At the same time that Alina was workshopping her short stories at Penn in a Fisher–Bennett classroom, Jennifer Yu (C’16) was drafting the initial 50 pages for her first of two published novels, Four Weeks, Five People. Though she’d always loved reading, bringing home “ungodly amounts of books” from her local public library, Jennifer began her college career on the pre–med track. 

Surrounded by fellow STEM majors and carrying concerns about practicality, Jennifer floundered for a while before taking a creative writing course with Kathy Van Cleve. “I think it was hard to make the jump [to English] but once I did, I was like, ‘Oh, this is definitely what I want to be doing,’” she recalls.

As she fleshed out the novel, bolstered by feedback from her class (she went on to thank them in the novel’s dedication), Jennifer also found support in her friends at The Daily Pennsylvanian. Jennifer “got sucked in quite early” to the DP sphere, serving on board for two years beginning in her freshman spring.

During her junior fall, when she was the Opinion editor, she used the book as a procrastination method. Rather than facing work for other classes, Jennifer could find refuge in her office, writing constantly. “I'm quite nostalgic for that first book because every in–between space and every sliver of free time I had, I would just be working on it, and it felt very, very magical,” she remembers. Later, for her next two books, she outlined a lot more, but with the first, she never quite knew what the next page would bring until she got there. “I think that's how a lot of the best writing happens, you're just seeing what happens and having fun,” Jennifer says.

While she was able to relax and enjoy the writing process, Jennifer still felt pressure to “do everything”—excel in classes, spend endless hours at the DP, and somehow find time to go to BYOs. She thinks that Penn in many ways encourages students to be overwhelmed, since it can feel safer than the alternative of contemplating “What am I doing with my life?” Despite this self–awareness, plus a CAPS appointment here and there, Jennifer doesn’t think she was very good at prioritizing her mental health at Penn: “I would be overwhelmed and have my regularly scheduled emotional breakdown, and then keep going because, at that point, you're behind on your homework.”

Four Weeks, Five People, as well as the sequel, Imagine Us Happy, depicts the nuances of dealing with mental health issues as a teenager through a wide variety of characters, each with a different problem, kind of like the Pooh Pathology Test. Jennifer drew upon many of the mental health conversations that were happening around her on campus, as she and her classmates juggled the pressures and anxieties that Penn’s competitive atmosphere induces. “I'm lucky that I had the book because I think it was a way of processing some of those feelings,” she says.

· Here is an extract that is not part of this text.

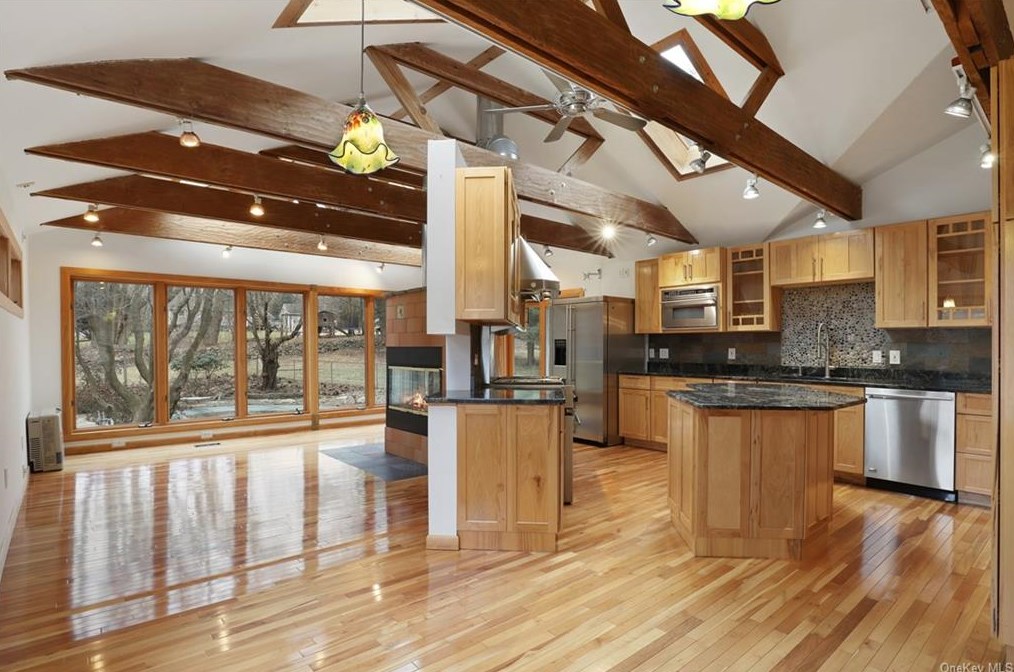 2 Castle Dr, Chestnut Ridge NY  10977-6523 exterior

In her writing, Jennifer wants to complicate the often too neatly tied up narratives about mental health. “Recovery isn't going to be linear; [it] oftentimes isn't,” she says, “and it's going to look different for different people. There's not always a clean arc to stories about mental illness.”

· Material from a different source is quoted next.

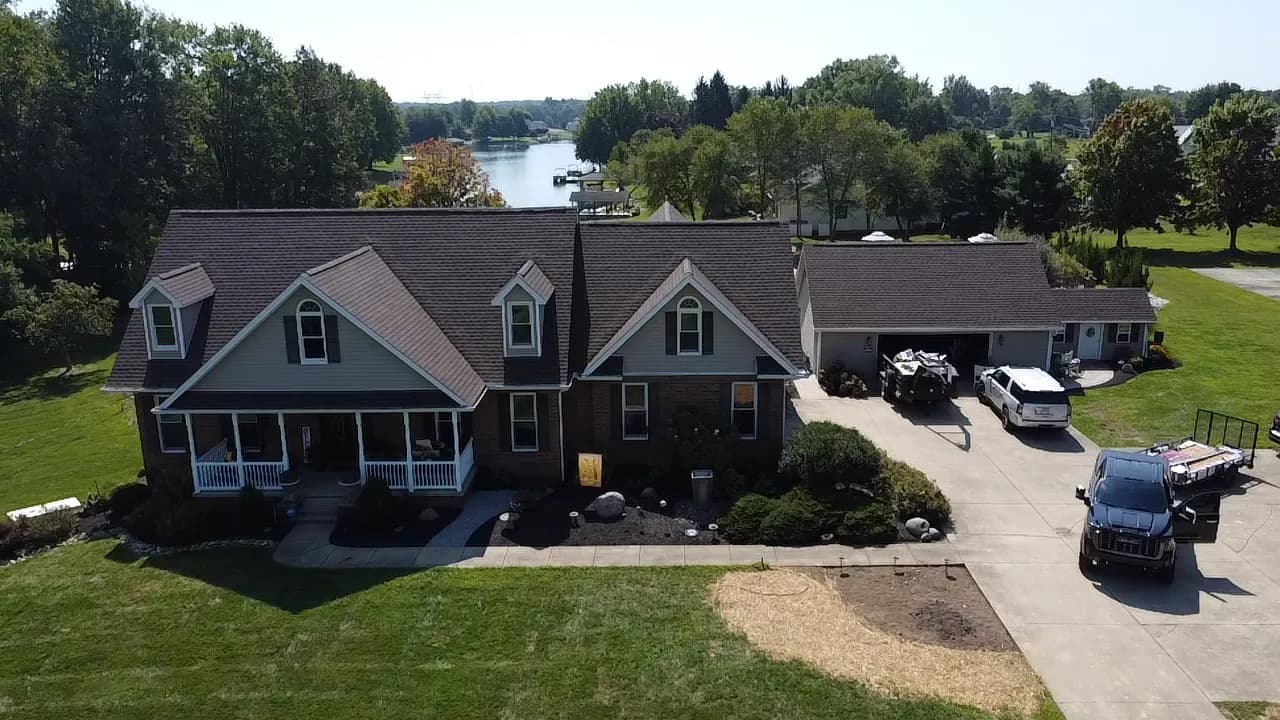 Full Roof Tear-Off and Replacement at Lake Waynoka image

For any aspiring authors, Jennifer and Chloe have similar pieces of advice about the way you should approach the time you spend writing. Chloe recommends figuring out the best way to organize your time and prioritize writing. For Jennifer, Penn might have been hectic, but she realizes now that she had more time to “just write” than she’s had since. By shifting her perspective to thinking that “I have the opportunity to write today and that's pretty cool,” she’s helped keep that passion alive—and is set to publish her third novel in 2024. 

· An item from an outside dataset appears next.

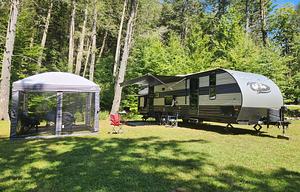 Pack - Designed for Big Families and Big Fun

Throughout the writing process and especially during revision, Alina has learned to balance “wanting something to be as perfect as you can make it but also feeling like you can take risks.” Letting go of her craving for total perfection can be difficult, but when she’s working with her editor and agent, she can “step outside of herself” and put trust in the opinions of those she respects. 

For Sophie, who was struck with the realization the book was making a difference when it landed on a Mommy blog, her takeaway is simple: “It was a cool thing to be like, yeah, ‘I'm capable of writing a book.’ I didn't know I could do it.”